Cooper: Pastor overcomes personal demons

Jim Smith has a word for pastors and others who are struggling: Just don't quit.

"If you don't quit," said the pastor of Solid Rock Community Church in Chickamauga, Ga., "God can restore you."

Smith should know.

The founding pastor of Battlefield Church of Faith, which had grown to approximately 180 members in January 2009, said he stepped down after an audit of church books exposed his unauthorized use of church credit cards to pay for pills and other items related to an addiction to hydrocodone.

Today, Smith, in addition to holding down a full-time job in Chattanooga and pastoring the nondenominational church, is 80 percent done with a book, "Addictions Behind the Pulpit," and conducts daily online counseling (pastorjim.solidrockcc@gmail.com for counseling or to offer support) for hurting, wounded and abused pastors and other church leaders.

"I believe pastors have an internal struggle talking about their weaknesses for fear it will get out in the community," he said. "There are still walls up in the church. They're still competitive [with other churches]. In the church today, if you say I need to share a struggle, [eventually] 20 people know, and they've all been sworn to secrecy."

Smith said he found refuge in Gospel Tabernacle Assembly of God Church, where pastor Joey Kelly mentored him and helped in a restoration process for him, his wife and three children.

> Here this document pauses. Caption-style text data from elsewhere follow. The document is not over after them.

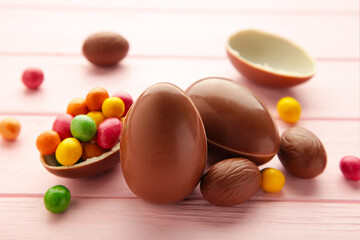 Chocolate easter eggs on wooden pink background.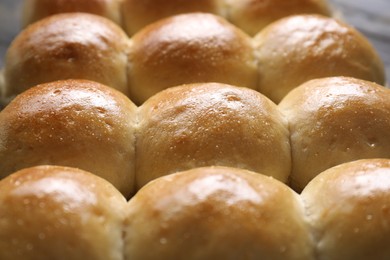 Many delicious dough balls on table, closeup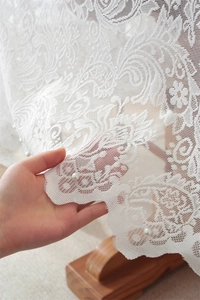 Dettaglio di tovaglia in pizzo bianco con ricami floreali e delicate perle bianche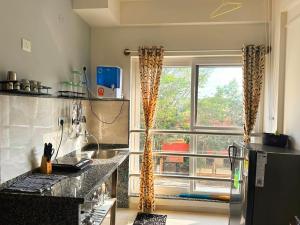 una cocina con encimera y una ventana con cortinas en Compact yet beautiful 1bhk 201, en Bangalore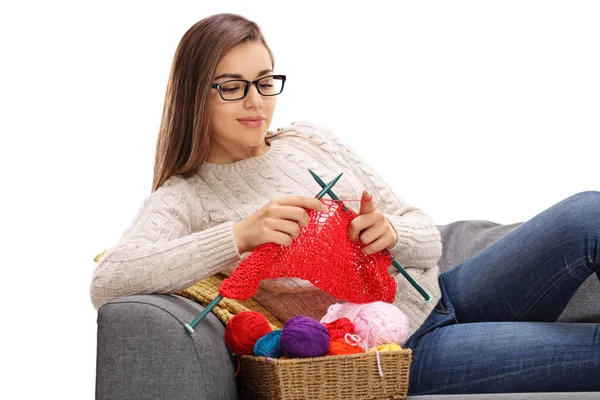 Fröhliche Frau, die auf einem Sofa liegt und strickt — Stockfoto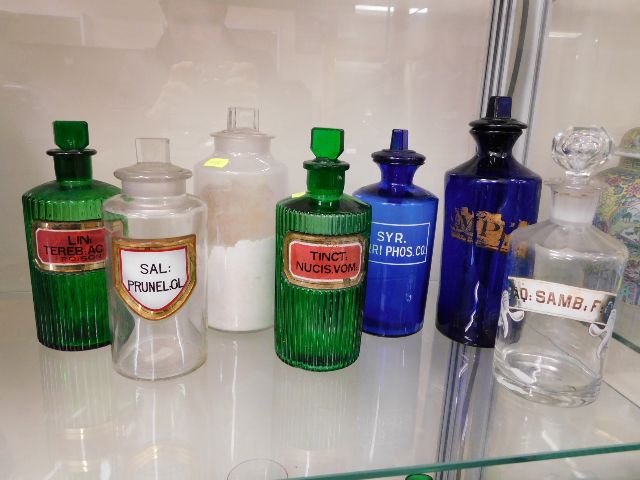 A quantity of poison bottles some with labels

"It's one thing to have a loving pastor," he said, "and another to have a loving congregation. This was a place to be restored. It was the most mature, loving, forgiving body."

Although Smith declared he would not pastor another church, he felt called by the Holy Spirit after being asked to deliver the first few sermons at Solid Rock.

The new church, he said, is growing and is in its second building.

Smith's online counseling ministry, he said, grew out of a daily devotional message he'd been emailing for 10 years to some 900 church leaders and others. As people from various corners of the country thanked him for sharing his struggles, he felt a call to take a next step.

"These are folks that have real struggles," he said, "but because of their position in the church, they feel isolated and don't know where to go, so they just sink deeper and deeper."

To support the sessions, Smith said, he has recruited a team of restored church leaders in various ministries to pray for the person being counseled -- anonymous to them -- throughout their counseling.

"You always hear," he said, "that in the greatest prison ministry, the ministers are ex-cons."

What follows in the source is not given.